━━━━━ Input data ━━━━━

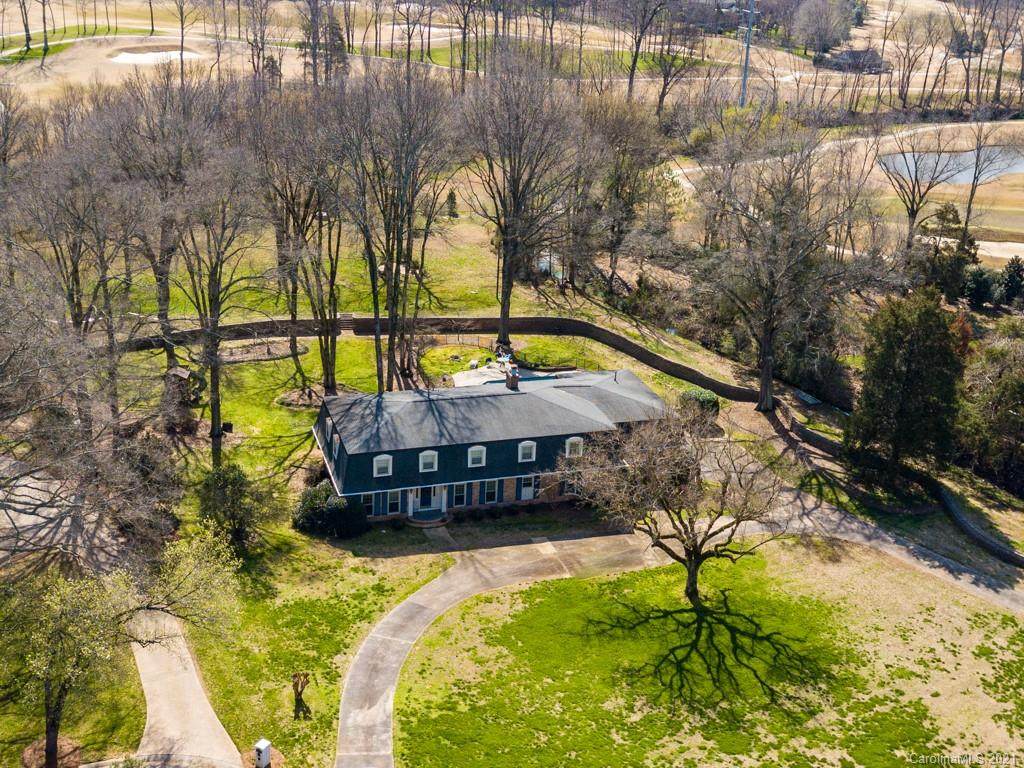 5042 Sentinel Post Road - Photo 1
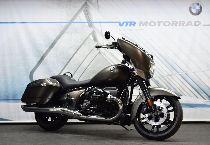 Motorrad kaufen Neufahrzeug BMW R 18 B (touring)
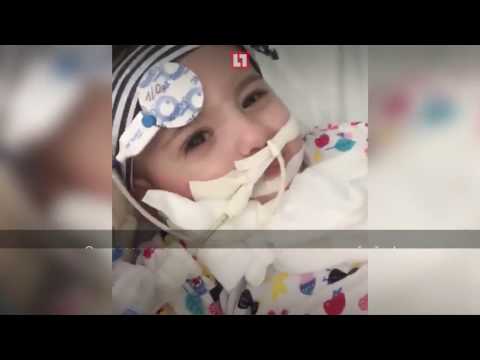 Video: Novorozenec Vyvedl Matku Z Kómy - Alternativní Pohled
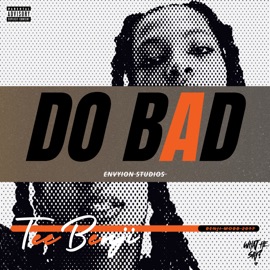 Do Bad TEE BENJI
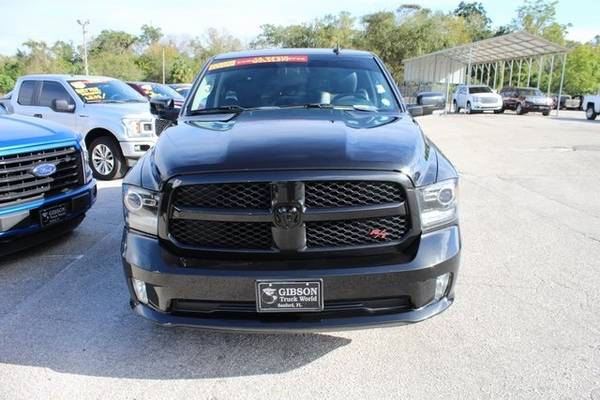 *2017* *Ram* *1500* *Sport* - cars & trucks - by dealer - vehicle... for sale in Sanford, FL – photo 4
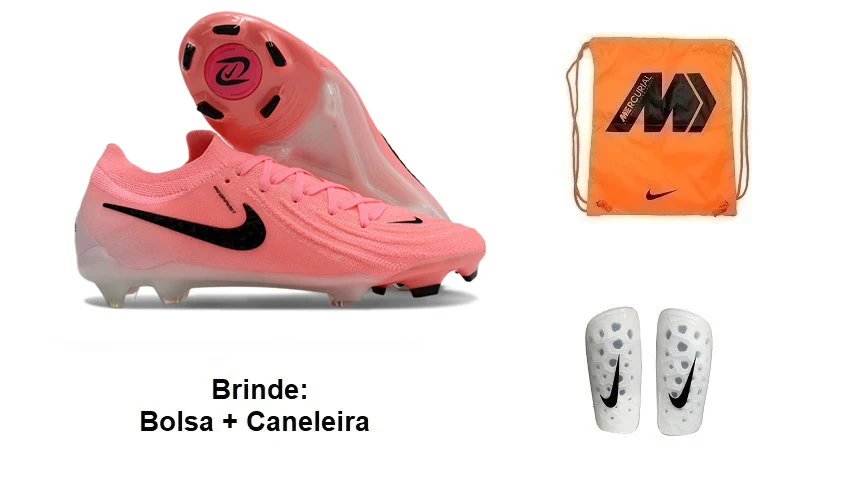 NIKE PHANTOM LUNA ELITE (FG) 2 - Image 21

━━━━━

Reproduce exactly, and only, the lines from the one holding "FL – photo 4" through the final line of the entries. Do not include the pictures.

▶ _Task result_
 *2017* *Ram* *1500* *Sport* - cars & trucks - by dealer - vehicle... for sale in Sanford, FL – photo 4
 NIKE PHANTOM LUNA ELITE (FG) 2 - Image 21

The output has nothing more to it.